I do hope you and your Fiance make the decisions together. At some point, your needs need to come first. I think it’s very offensive that your in-laws just assume they have access to your savings.
Post # 9
@canuba: Future Sister-In-Law never said her father couldn”t come and visit his grandchild. Her only problem is with him taking her to Virginia for 2 weeks. Even though she is no longer speaking to him because of his manipulation and his actions, he can still visit with his grandchild.
I don’t think he has a legal leg to stand on but he was in court for 15 years with FIs mom fighting for custody and bankrupted her and her parents. I don’t want this to happen to us.
@Mrs. Cooper: Thank you for a little insight. I’ve been reading up on grandparents rights so I don’t think he’ll win but he is the kind of person who won’t quit till he wins.
Post # 10
Thank you all for putting my mind at ease a bit. When Fiance told me how we had to dip into our wedding fund again to help her, I said ok. When he said it was for a lawyer because she doesn’t want a public defender, I got pissed.You hire a lawyer if you have the money, but that’s the whole point of the public defender. It’s for the people who can’t afford an attorney.

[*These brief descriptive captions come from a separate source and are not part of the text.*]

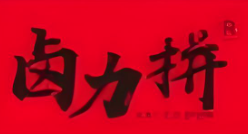 卤力拼老火锅品牌logo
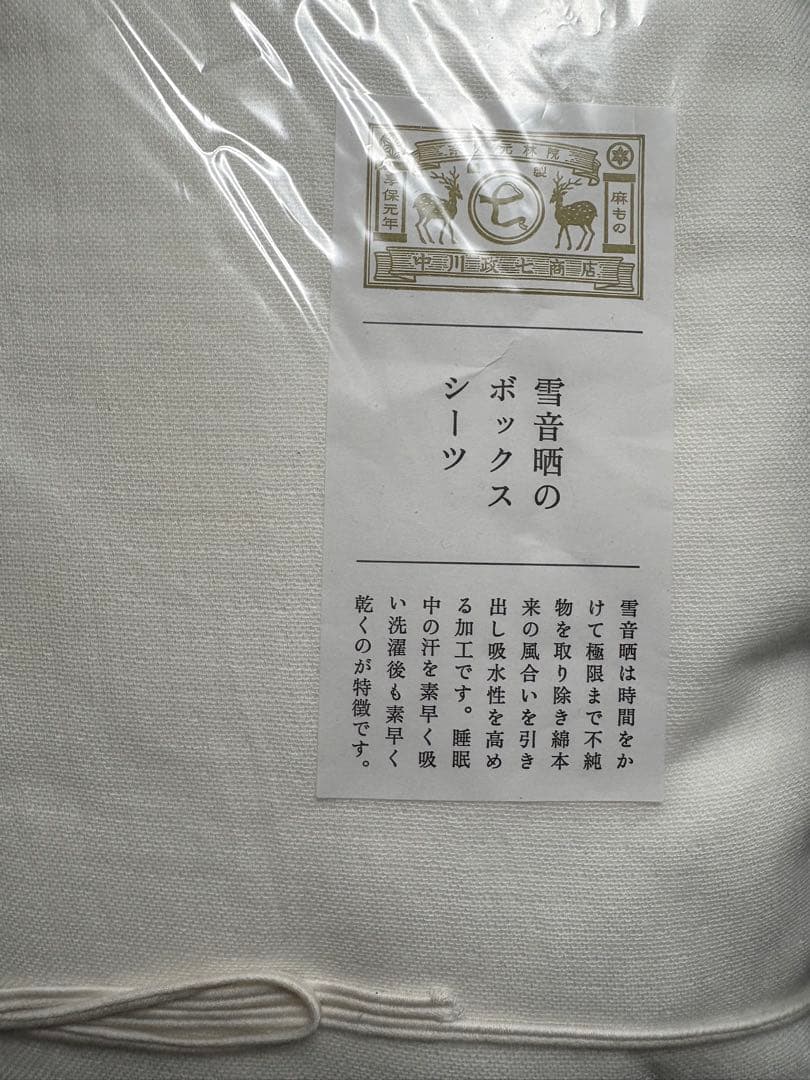 【新品】中川政七商店　雪音晒のボックスシーツ(シングル)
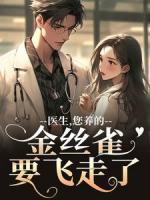 医生，您养的金丝雀要飞走了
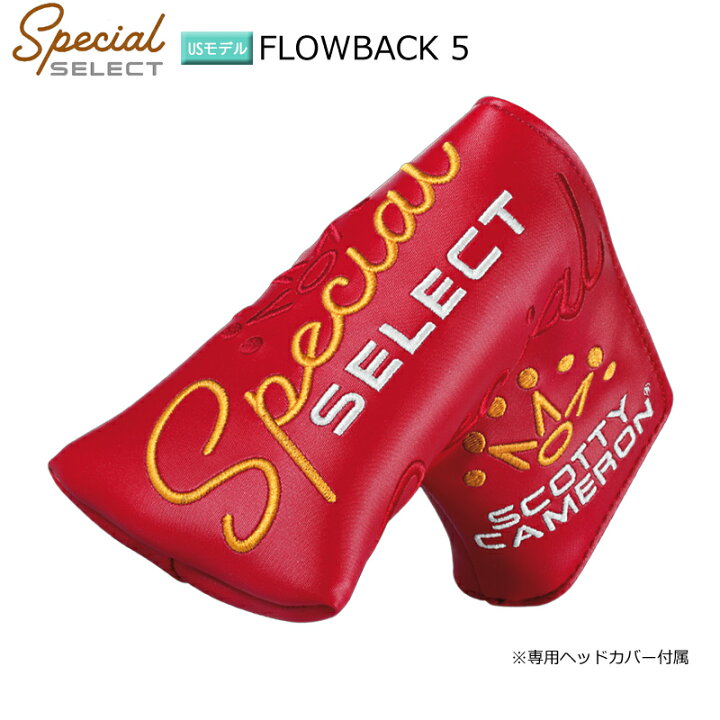 楽天市場】スコッティキャメロン (SCOTTY CAMERON) 2020 スペシャル 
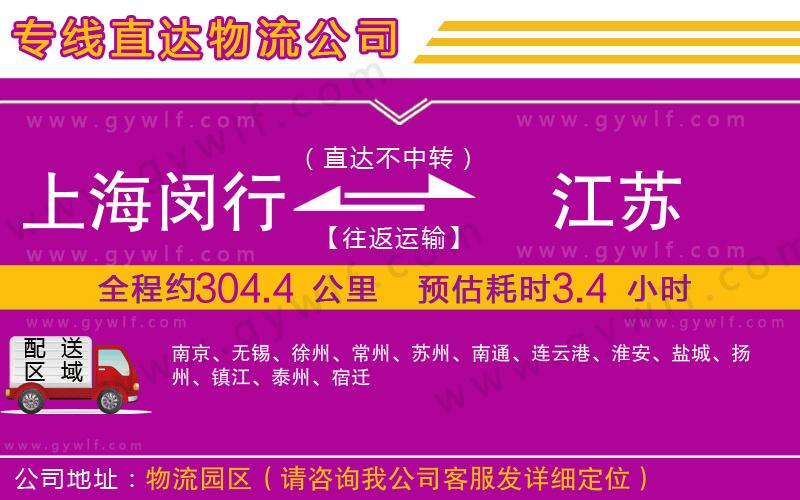 上海閔行區(qū)到江蘇物流公司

Oh and did I mention the first court date is on my birthday? So not only do Fiance and I have to take off of work to go up to Albany and have to see his father, which at this point just the thought of him makes me sick, but I get to spend my birthday in court.
Post # 11
@Otaqueen: while i understand this is a heartwrenching situation it is wholly unreasonable to expect you to pay for her lawyer—this case is a joke and a public defender would suit her just fine–I would have a long discussion with my fiance about how we are starting our own family now and can’t be constantly be so involved with the drama of his family—let them fight it out, it’s not his or your concern
Post # 12
- Wedding: October 2011 - Bed & Breakfast
Wait… time out…. you can get a public defender for a civil court case????????? I thought public defenders were only awarded for criminal cases? I am so confused. Why in the world would tax dollars be paying a lawyer for a civil trial?
Post # 13
No you aren’t a horrible person for feeling that way! It doesn’t sound like that case is one that requires a super expensive attorney. Besides, a lot of the public defenders are a lot better at what they do then the hourly attorneys that aren’t outrageously expensive.
I’m a little confused about how she can get a public defender for a visitation case, but if she can more power to her.
Post # 14
@lovekiss: You can in ontario.
Post # 15
@lovekiss: I have no idea. The court papers said that she could apply for a public defender if she can’t afford an attorney, so I assume she can get one.
Post # 16
I wouldn’t give anyone a penny. It’s not your (or your FI’s) responsibility to bail them out of their messes. If you ask me, you’ve helped enough. That money is intended for your wedding, nothing else. Maybe I’m insensitive since I’m an only child and I don’t understand the sibling dynamic but putting myself in your situation while Darling Husband has a brother, I wouldn’t sacrifice something as important as my wedding to give him money. Your Father-In-Law will never win his case so spending the money on an expensive lawyer is useless. Your niece hardly knows him and she’s afraid of him. No judge in their right mind would allow him to take her from her mother for an extended period of time. That’s just crazy. She should get a public defender or just defend herself. I really see no plausible way that she could lose the case. Grandparent rights are bullshit if you ask me. It’s not their kid and they have no right to them.